One consideration with putting the VFD in a small enclosure is cooling. Wolf Automation in Chicago publishes a catalog page with their recommended minimum dimensions of panels for the drives that they sell. For a 1 HP TECO drive, they say min dims are 12"H x 10"W x 8" deep, but their chart is for metal enclosures. A plastic enclosure will not dissipate heat as fast as metal. It may be necessary to oversize the box, or to include some ventilation openings - which seems counter productive. I have a 3 HP TECO VFD that I want to mount in an enclosure. I found a 12x9x8 plastic box at a surplus dealer - brand new with no holes. It has a NEMA 4X rating for outdoor exposure, with a gasketed door with SS hinges and latches. Before I butcher it up, I am running an experiment. I fabricated a simple enclosure around the drive made up of a 2 gallon plastic bottle which has about the same dimensions as the plastic enclosure. A Stanley knife and some duct tape was used to get access for the wires and controls. I use my calibrated hand to sense the temp inside test enclosure. This test enclosure has thinner wall thicknesses than the actual NEMA model, but I figure it will get me a good idea of expected temp range. So far I have only found the air in the test enclosure to be around 100F after an hour of running the lathe. I need to find a large diameter piece of scrap steel to really load up the motor and check the temp rise under high load.

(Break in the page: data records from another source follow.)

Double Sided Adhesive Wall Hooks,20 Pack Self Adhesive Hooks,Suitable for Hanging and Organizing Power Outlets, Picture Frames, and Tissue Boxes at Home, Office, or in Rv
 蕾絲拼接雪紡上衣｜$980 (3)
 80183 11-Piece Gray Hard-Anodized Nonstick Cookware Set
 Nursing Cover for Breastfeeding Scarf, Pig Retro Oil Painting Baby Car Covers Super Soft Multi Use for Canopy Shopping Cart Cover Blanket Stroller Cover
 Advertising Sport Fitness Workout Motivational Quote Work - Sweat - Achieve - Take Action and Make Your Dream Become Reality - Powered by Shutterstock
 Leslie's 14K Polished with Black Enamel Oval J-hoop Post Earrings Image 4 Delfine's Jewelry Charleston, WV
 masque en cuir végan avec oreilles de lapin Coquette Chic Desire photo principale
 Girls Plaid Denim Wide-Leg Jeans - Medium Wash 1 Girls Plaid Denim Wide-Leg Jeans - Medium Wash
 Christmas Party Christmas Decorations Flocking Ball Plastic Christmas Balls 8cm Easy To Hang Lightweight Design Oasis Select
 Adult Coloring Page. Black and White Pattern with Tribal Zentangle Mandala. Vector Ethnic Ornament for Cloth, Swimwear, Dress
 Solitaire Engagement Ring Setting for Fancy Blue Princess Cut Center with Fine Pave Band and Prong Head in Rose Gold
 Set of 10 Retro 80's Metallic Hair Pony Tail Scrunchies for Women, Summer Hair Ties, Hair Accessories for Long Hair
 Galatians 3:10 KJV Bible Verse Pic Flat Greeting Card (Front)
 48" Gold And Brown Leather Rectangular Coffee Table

I like your idea of a window on the front to view Hz, and function. 

Terry S.


----------



## Pacer (Feb 25, 2013)

I have 3 VFD's, with 2 of them in use some 5 years and like kennyd, none are in an enclosure, just mounted to the back or side. For some time after the first install I fretted about needing to get an enclosure and I was often checking for swarf, heat build up, etc and after months of use was finding that I was fretting over nothing - the units were just sitting their doing their own business, just needing and occasional wipe for common dust like in your house. On one unit, I never got around to mounting a remote pot and the face of the 5 yr old Hitachi is a bit grubby from constantly reaching for the pot on the unit. 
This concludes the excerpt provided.